David: Yup. It reminds me so much of Jeff Bezos sitting in the offices of D. E. Shaw in the early '90s and being like, holy crap, the internet is going to be a wave.

Ben: Yup, for sure. A big one is don't buy anyone else's inefficiency. If you're going to compete on price, you must avoid buying anyone else's inefficiency at all costs. It means having often very contentious relationships with your suppliers.

P&G and Walmart were enemies for years, even though P&G had to sell in Walmart and Walmart had to be buying P&G products before they kind of figured out how can we both do this because we do both need to serve the same customer. That took a long time. That ruthlessness of being willing to not buy anyone else's inefficiency, even though it can create tension in the relationship. If you're a business that's winning on price, somebody will be doing that in your space, so you kind of have to if you want to win.
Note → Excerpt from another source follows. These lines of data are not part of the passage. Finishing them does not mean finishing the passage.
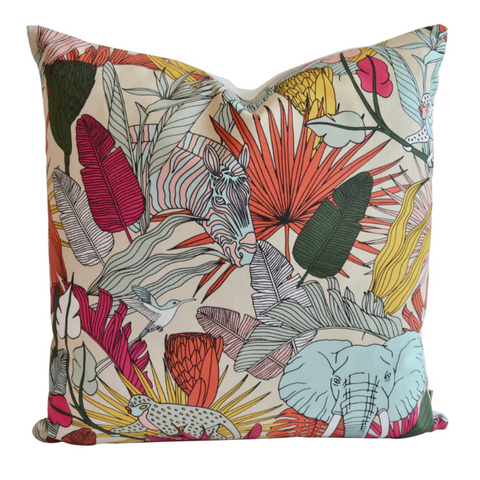 aLoveSupreme クッションカバー　ワイルドアニマルSand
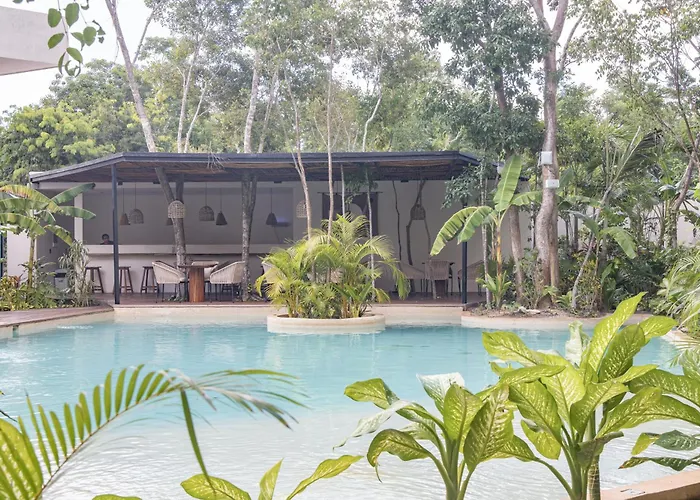 Tu Refugio Exclusivo En Tulum, Dk Jade 3 By Sandy Powerful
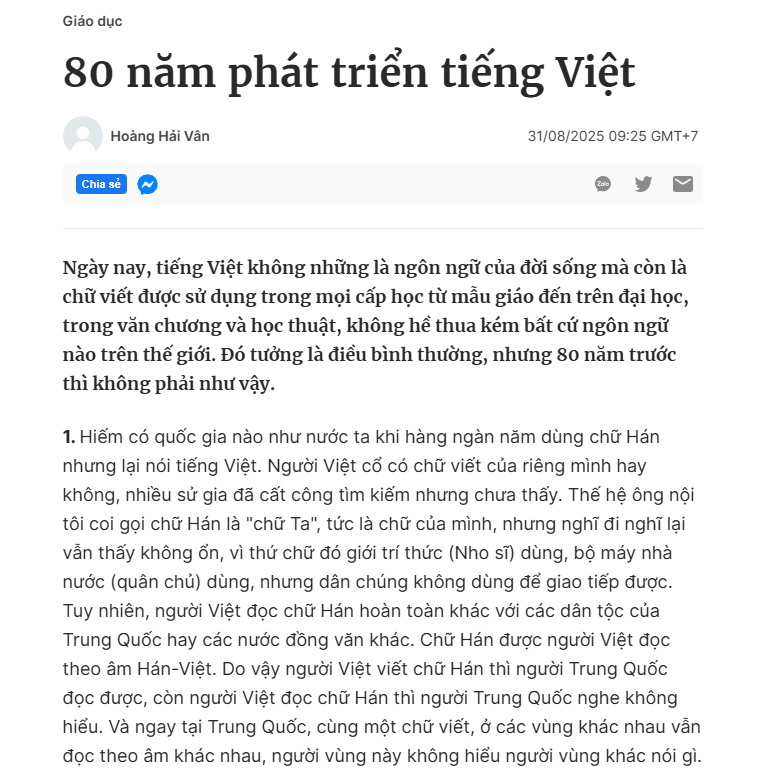 Viết tiếng Việt cho người Việt đọc - Ảnh 2.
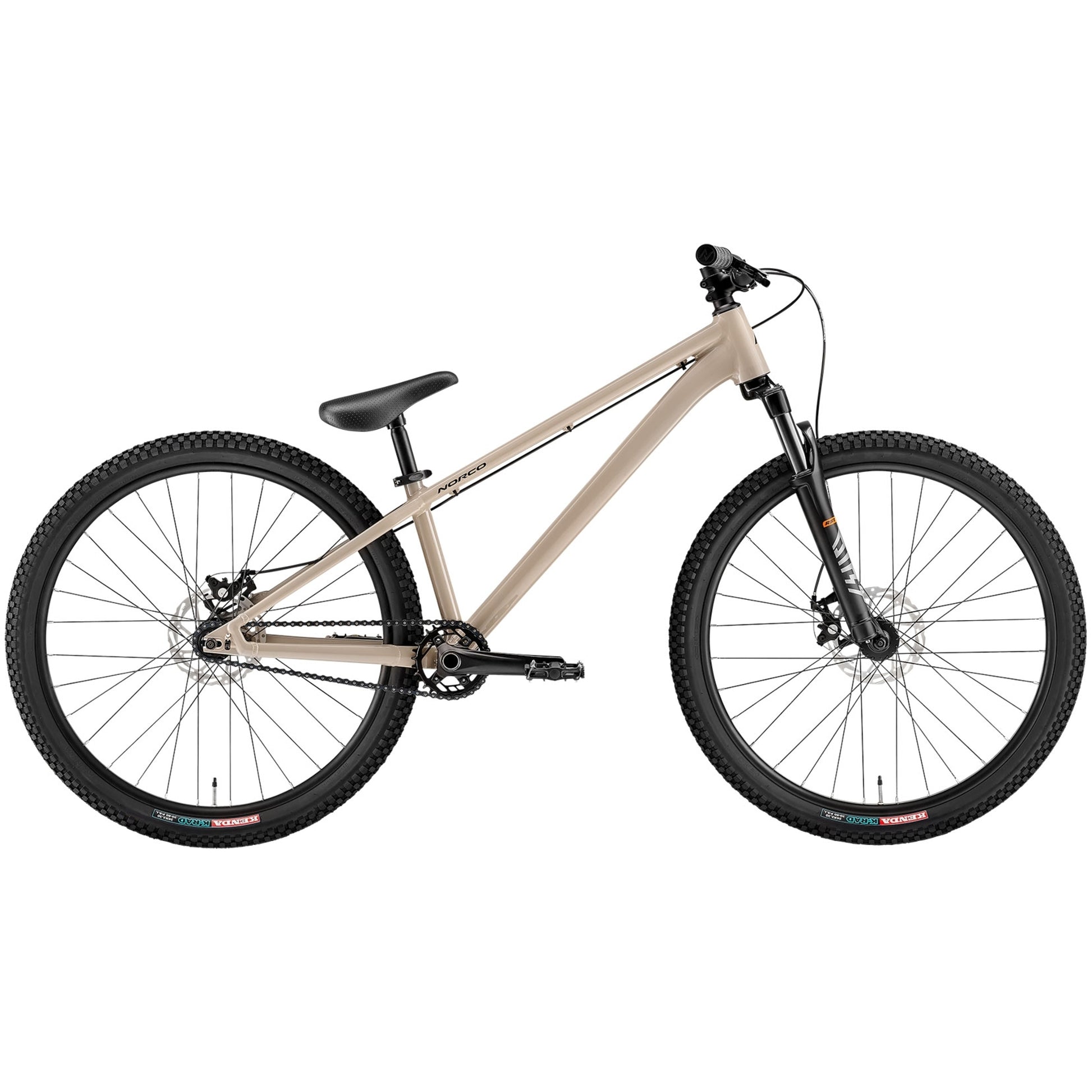 Norco Rampage 2 26" Hardtail Mountain Bike Grey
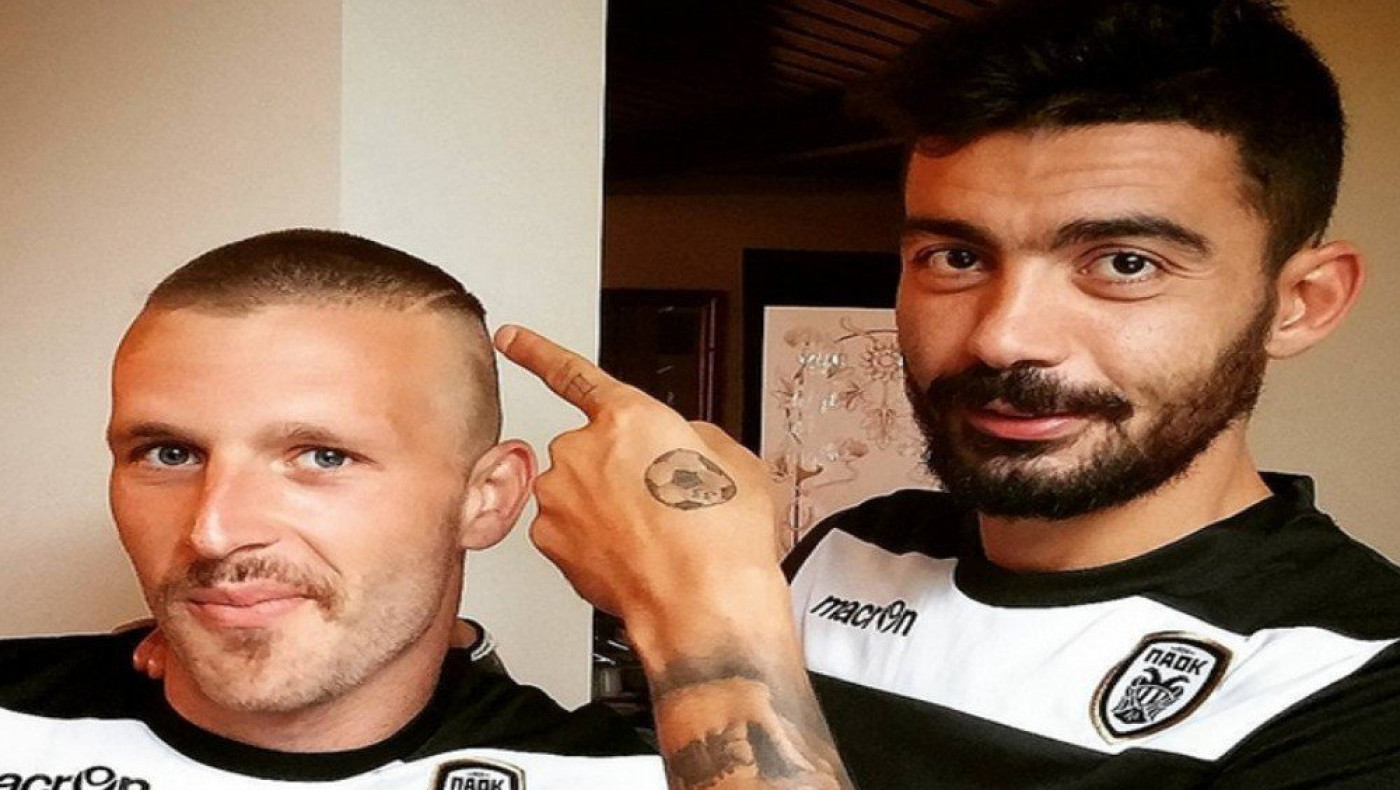 Το νέο λουκ του Σκόνδρα και ο… κουρέας Κλάους (pic)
David: Yup. I don't know that this is a playbook per se, but in an industry like retailing, Walmart's business, Amazon's business, and the like, price really, really, really matters. Selection and convenience matters too. That's why Amazon's a thing and the Whole Foods exists, specialty retailers, and all that. But price really, really, really matters. What you're saying is absolutely applicable in cases like that.

When price really matters, your margins really matter. Your margin is my opportunity, exploiting inefficiencies, and being as efficient as possible is so important. But not all industries are like that. There's danger of over-rotating to that.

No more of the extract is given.